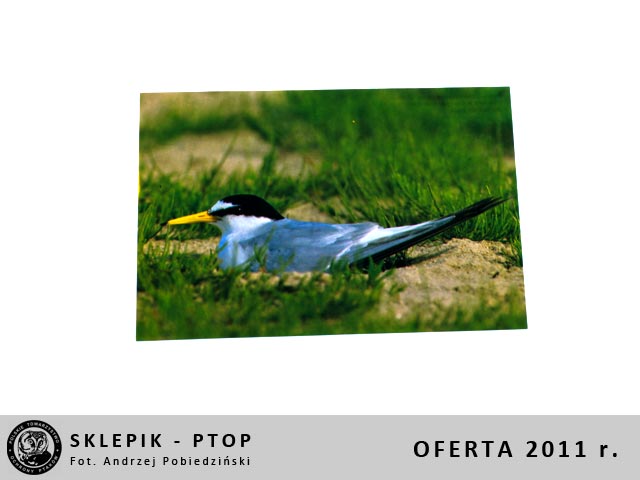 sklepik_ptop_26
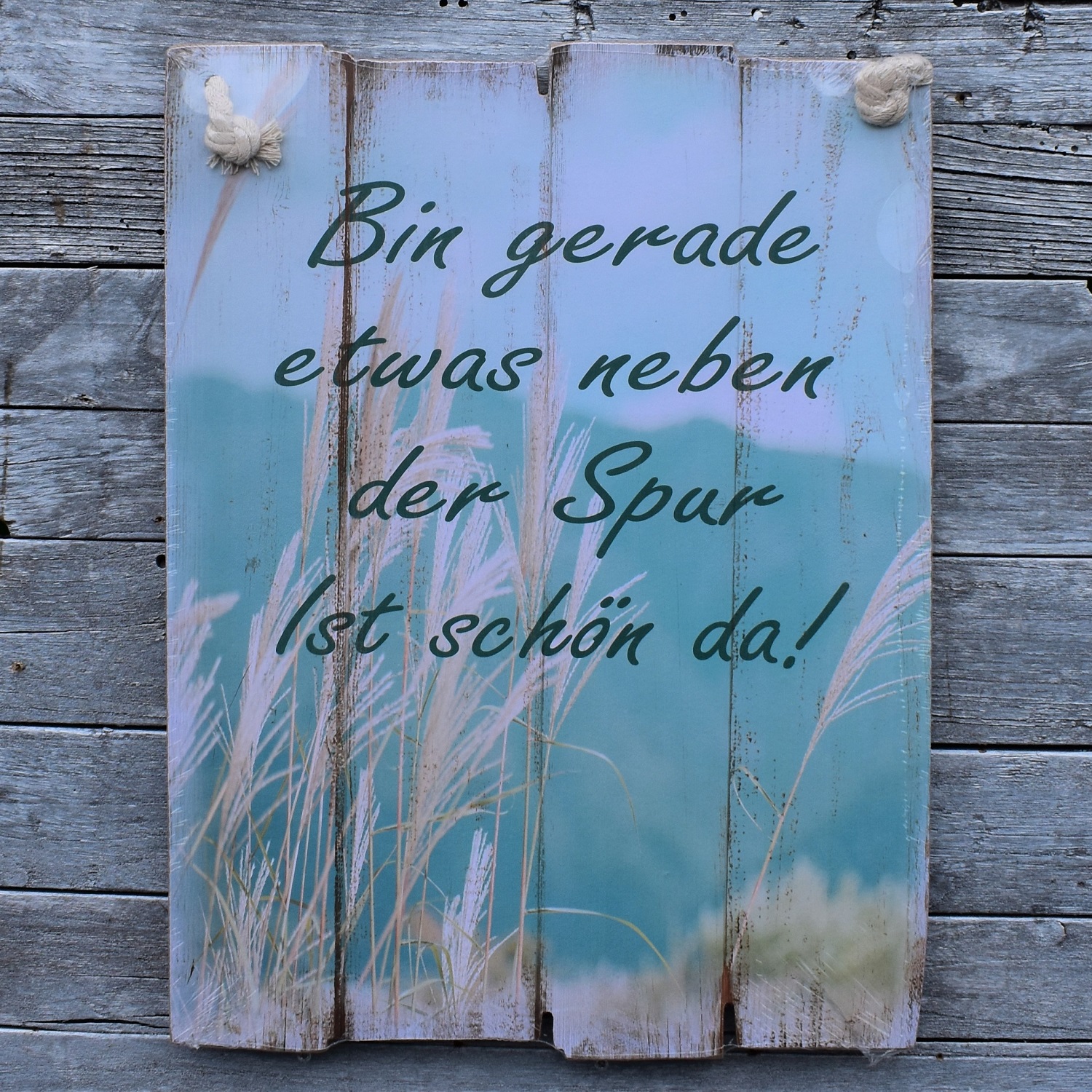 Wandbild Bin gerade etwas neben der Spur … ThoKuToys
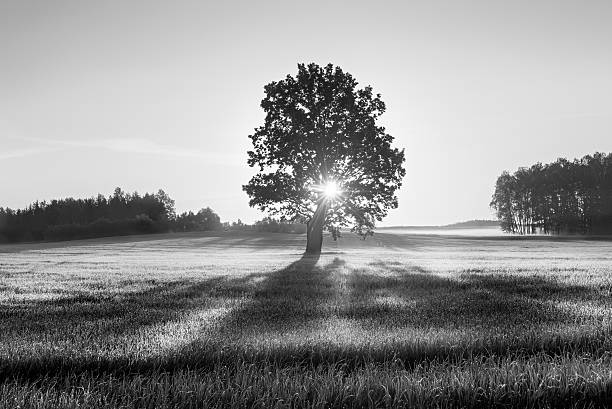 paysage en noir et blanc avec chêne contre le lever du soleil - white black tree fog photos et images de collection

● Work to complete
Print the lines from the one that contains "Wandbild Bin gerade" through the final line of the material above, exactly and only those, with pictures left out.

● Reply to the task
 Wandbild Bin gerade etwas neben der Spur … ThoKuToys
 paysage en noir et blanc avec chêne contre le lever du soleil - white black tree fog photos et images de collection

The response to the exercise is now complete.